“The context is like it surrounds us. The University is not accessible for people from the neighborhoods, the context does not make it easy for us, from the neighborhood itself, the family, the situation, there are messages that tell us ‘that is not for you, you can’t get there’…” This is the testimony of the coordinator of an educational support program interviewed by the authors of the study on gypsy students at the University of Alicante.
The report, which was presented on Thursday at the UA along with a similar one carried out at the University of Valencia, offers a current overview and some proposals for improvement to be taken into account in the immediate future.
At first, the difference in the access mode is striking. If in the total of UA students 76.8% have entered through the PAU, among the gypsies this was only the case in 53.6%, while 28.6% used the entrance test for those over 25 years (compared to 1.1% overall) and 14.3% accessed after completing some training cycle (8% overall). And the difference is made by women.
Because the incorporation of students of the Gypsy ethnic group to the university, still a very minority (only 2% of them access the University, according to data from the Gypsy Secretariat Foundation), is also later, but not so much for the boys. In fact, they join through the PAU in the same proportion as the entire student body (75%), but only a third of them enter after passing the previously called ‘selectivity’ (37.5%); 43.8% access through the test for those over 25 years of age and a significant 6.2% are over 40.
More than half of the Roma students are made up of women (57%), their average age is 33 years and theirs is also over 30. The authors of the study appreciate a relationship between the environment of origin and the fact that they are inclined to pursue studies related to “the social”, so that while nine students study Social Work, four are inclined towards Teaching and three towards Law,
Of a total of 28 students, 86% of them receive scholarships, only three study without them. And their family circumstances differ clearly from the generality of students: 54.5% of women have children and 72.7% are forced to make their studies compatible with work. As for men, 60% work in addition to studying and 20% have children.
Admitting that responding at an early age to the traditional roles in their culture – in the case of men, providing financially for the family and taking care of it in the case of women – interferes with the interest in continuing studying, UA professor Clarisa Ramos, who moderated the event, criticized the label of “absenteeist” with which gypsy students are often labeled at school. In her opinion, it is the “shameful child poverty” existing in the neighborhoods where many of them live that is behind the abandonment: “if there is no equity there is no inclusion,” she stated; “We don’t all start from the same place.”

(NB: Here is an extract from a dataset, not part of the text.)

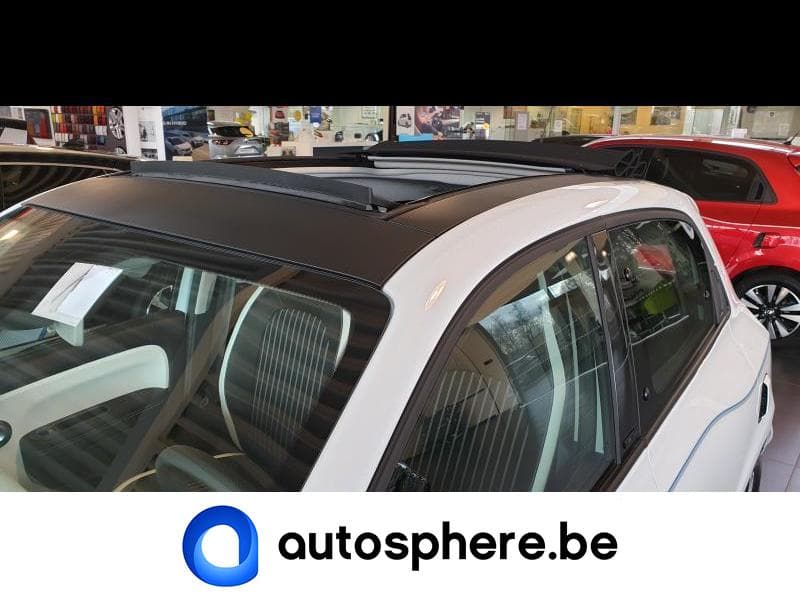 Renault Twingo Intens R80 - 9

The authors of the report support this thesis. They cited as an example the testimony of a participant in the study who said “I don’t know any Roma family that tells you: ‘I don’t want my child to study. I don’t want my child to have a future’. I don’t know them, seriously. No. “It’s that they don’t want to, it’s that they have limitations, they worry more about other things, in their daily lives. Then that becomes secondary. But not because it is not important, but because there are other priority things.”
The study, carried out by professors Alicia Ferrández, Inma Hurtado, from the University of Alicante, and MarÃa José SanchÃs, from Miguel Hernández de Elx, has selected a series of improvement proposals provided by the participants in the surveys and interviews carried out. Among them, one of the most demanded was precisely the need to find flexible formulas that allow one to reconcile work and family life with studies.
Professors Elena Mut and Yaiza Pérez, from the University of Valencia, also participated in the event, endorsing the data and conclusions presented by their colleagues. Their study identifies as specific problems of the Roma community, when considering pursuing university studies, the economic barriers, the difficulty of access and making compatible family support and studies, the lack of references of their ethnic group, the reproduction of discriminatory stereotypes. and a self-imposed pressure, given the need for success that justifies a still minority election.
These obstacles, they point out, derive from factors such as a precarious family socioeconomic situation, in which daily subsistence focuses a good part of the energies; the neighborhood that is inhabited, where the housing conditions and the environment often do not favor study habits, and an educational system that is poorly prepared for minors with difficulties, which segregates them not only by educational level, but also by ethnic origin.
This leads to early school leaving, caused by the need to take on work activities. This abandonment is often permanent, but in other cases, once a certain economic and personal stability has been achieved, a return to studies occurs.
The authors consider the information and support work of the Roma associations to be essential, given the great lack of knowledge of the existing credit system, the formation of degrees, the scholarship system and administrative procedures; a lack of knowledge that, together with economic difficulties, causes the perception of the University as a possible destination to become distant.